Unneeded medications should be disposed of in special ways to ensure that pets, children, and other people cannot consume them. However, you should not flush this medication down the toilet. Instead, the best way to dispose of your medication is through a medicine take-back program. Talk to your pharmacist or contact your local garbage/recycling department to learn about take-back programs in your community. See the FDA's Safe Disposal of Medicines website (http://goo.gl/c4Rm4p) for more information if you do not have access to a take-back program.

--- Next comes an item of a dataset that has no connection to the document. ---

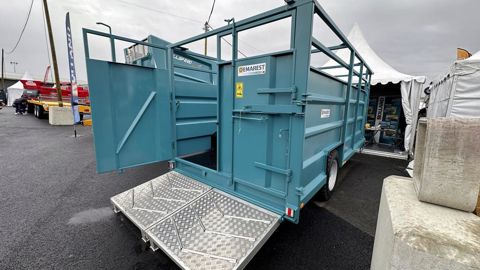 La gamme de bétaillères Demarest Rolland comporte quatre modèles de 5 à 8 m, dont la B50. La gamme de bétaillères Demarest Rolland comporte quatre modèles de 5 à 8 m, dont la B50.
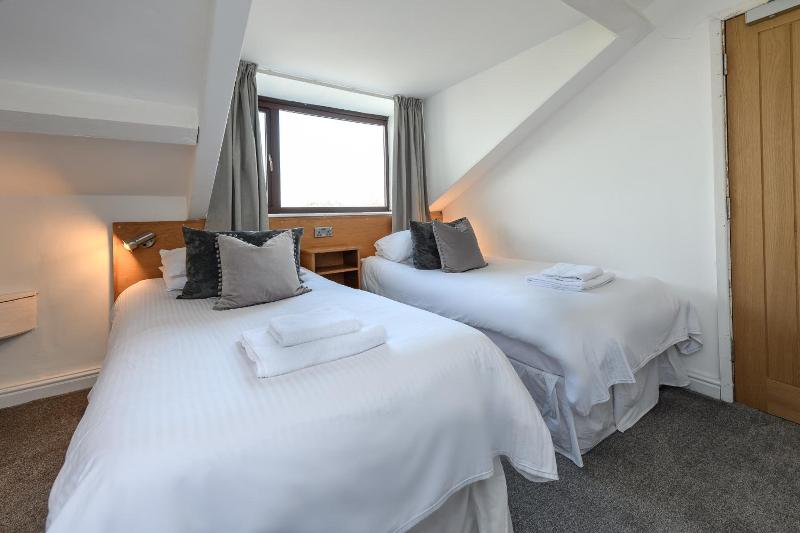 Woodlands Hall Hotel image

It is important to keep all medication out of sight and reach of children as many containers (such as weekly pill minders and those for eye drops, creams, patches, and inhalers) are not child-resistant and young children can open them easily. To protect young children from poisoning, always lock safety caps and immediately place the medication in a safe location – one that is up and away and out of their sight and reach. http://www.upandaway.org
In case of overdose, call the poison control helpline at 1-800-222-1222. Information is also available online at https://www.poisonhelp.org/help. If the victim has collapsed, had a seizure, has trouble breathing, or can't be awakened, immediately call emergency services at 911.
Keep all appointments with your doctor and the laboratory. Your doctor will order certain lab tests to check your body's response to triamterene.
Do not let anyone else take your medicine. Ask your pharmacist any questions you have about refilling your prescription.
It is important for you to keep a written list of all of the prescription and nonprescription (over-the-counter) medicines you are taking, as well as any products such as vitamins, minerals, or other dietary supplements. You should bring this list with you each time you visit a doctor or if you are admitted to a hospital. It is also important information to carry with you in case of emergencies.